**** Records for this exercise ****

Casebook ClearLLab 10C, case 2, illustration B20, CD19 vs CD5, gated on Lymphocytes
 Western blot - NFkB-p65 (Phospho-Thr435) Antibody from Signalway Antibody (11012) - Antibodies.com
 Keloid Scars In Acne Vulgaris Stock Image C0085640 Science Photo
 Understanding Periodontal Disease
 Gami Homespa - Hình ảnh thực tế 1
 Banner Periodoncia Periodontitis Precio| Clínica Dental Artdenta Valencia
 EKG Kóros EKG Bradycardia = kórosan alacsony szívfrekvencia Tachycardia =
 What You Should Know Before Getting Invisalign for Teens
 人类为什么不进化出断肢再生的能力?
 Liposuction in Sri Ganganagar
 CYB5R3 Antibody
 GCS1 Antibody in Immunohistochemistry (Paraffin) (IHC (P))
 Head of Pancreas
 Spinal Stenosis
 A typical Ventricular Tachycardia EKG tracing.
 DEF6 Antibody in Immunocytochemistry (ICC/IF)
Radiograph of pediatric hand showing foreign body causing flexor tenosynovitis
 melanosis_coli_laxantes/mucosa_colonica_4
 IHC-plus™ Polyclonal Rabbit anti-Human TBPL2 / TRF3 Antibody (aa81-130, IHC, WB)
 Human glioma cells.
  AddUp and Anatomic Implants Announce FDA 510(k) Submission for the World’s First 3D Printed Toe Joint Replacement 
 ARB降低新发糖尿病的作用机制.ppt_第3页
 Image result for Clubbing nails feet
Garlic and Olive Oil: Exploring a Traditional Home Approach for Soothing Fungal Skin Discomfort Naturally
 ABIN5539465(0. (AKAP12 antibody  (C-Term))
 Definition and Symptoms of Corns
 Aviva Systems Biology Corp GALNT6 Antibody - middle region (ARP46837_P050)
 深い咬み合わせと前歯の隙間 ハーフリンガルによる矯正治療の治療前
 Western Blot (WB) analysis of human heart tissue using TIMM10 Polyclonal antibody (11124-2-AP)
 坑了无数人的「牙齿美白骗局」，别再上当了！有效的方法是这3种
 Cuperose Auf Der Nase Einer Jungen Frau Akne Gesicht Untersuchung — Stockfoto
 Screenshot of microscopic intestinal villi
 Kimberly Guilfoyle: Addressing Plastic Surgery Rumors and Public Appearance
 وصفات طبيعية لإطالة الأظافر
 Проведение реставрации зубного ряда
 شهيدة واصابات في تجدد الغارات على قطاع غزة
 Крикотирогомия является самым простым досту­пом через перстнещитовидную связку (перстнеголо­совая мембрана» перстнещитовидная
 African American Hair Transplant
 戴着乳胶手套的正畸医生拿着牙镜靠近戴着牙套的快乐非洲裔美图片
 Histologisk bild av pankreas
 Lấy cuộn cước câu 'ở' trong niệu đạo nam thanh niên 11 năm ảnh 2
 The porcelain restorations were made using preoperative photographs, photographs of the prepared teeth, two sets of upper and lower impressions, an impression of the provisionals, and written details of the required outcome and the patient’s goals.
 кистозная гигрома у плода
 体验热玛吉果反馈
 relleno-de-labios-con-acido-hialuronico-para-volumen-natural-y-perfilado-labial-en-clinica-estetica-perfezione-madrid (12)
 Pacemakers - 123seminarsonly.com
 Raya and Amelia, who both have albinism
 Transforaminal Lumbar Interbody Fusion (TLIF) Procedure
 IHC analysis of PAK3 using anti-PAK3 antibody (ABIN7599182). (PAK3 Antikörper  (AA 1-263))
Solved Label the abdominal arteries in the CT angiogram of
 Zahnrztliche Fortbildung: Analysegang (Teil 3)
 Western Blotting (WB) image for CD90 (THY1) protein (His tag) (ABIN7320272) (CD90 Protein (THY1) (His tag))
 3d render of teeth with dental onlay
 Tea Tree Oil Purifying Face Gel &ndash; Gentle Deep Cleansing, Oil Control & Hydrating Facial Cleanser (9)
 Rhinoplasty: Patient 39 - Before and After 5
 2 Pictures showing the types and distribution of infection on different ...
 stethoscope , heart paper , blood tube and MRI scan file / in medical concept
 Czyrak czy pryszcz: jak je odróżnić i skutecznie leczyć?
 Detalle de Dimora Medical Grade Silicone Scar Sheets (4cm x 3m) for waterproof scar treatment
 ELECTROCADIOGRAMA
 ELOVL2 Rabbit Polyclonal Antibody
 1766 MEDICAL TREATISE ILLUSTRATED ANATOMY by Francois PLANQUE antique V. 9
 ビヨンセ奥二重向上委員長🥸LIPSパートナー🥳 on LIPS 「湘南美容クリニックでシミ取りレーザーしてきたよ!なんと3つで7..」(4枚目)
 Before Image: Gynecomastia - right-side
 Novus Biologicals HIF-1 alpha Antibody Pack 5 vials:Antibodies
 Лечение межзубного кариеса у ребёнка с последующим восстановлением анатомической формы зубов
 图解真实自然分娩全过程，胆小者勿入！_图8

****

Both the line containing "شهيدة واصابات في تجدد الغارات على قطاع غزة" and the line containing "Histologisk bild av pankreas" belong in the answer. Print them and every line above that falls between them exactly, and no others.

Your solution —
 شهيدة واصابات في تجدد الغارات على قطاع غزة
 Крикотирогомия является самым простым досту­пом через перстнещитовидную связку (перстнеголо­совая мембрана» перстнещитовидная
 African American Hair Transplant
 戴着乳胶手套的正畸医生拿着牙镜靠近戴着牙套的快乐非洲裔美图片
 Histologisk bild av pankreas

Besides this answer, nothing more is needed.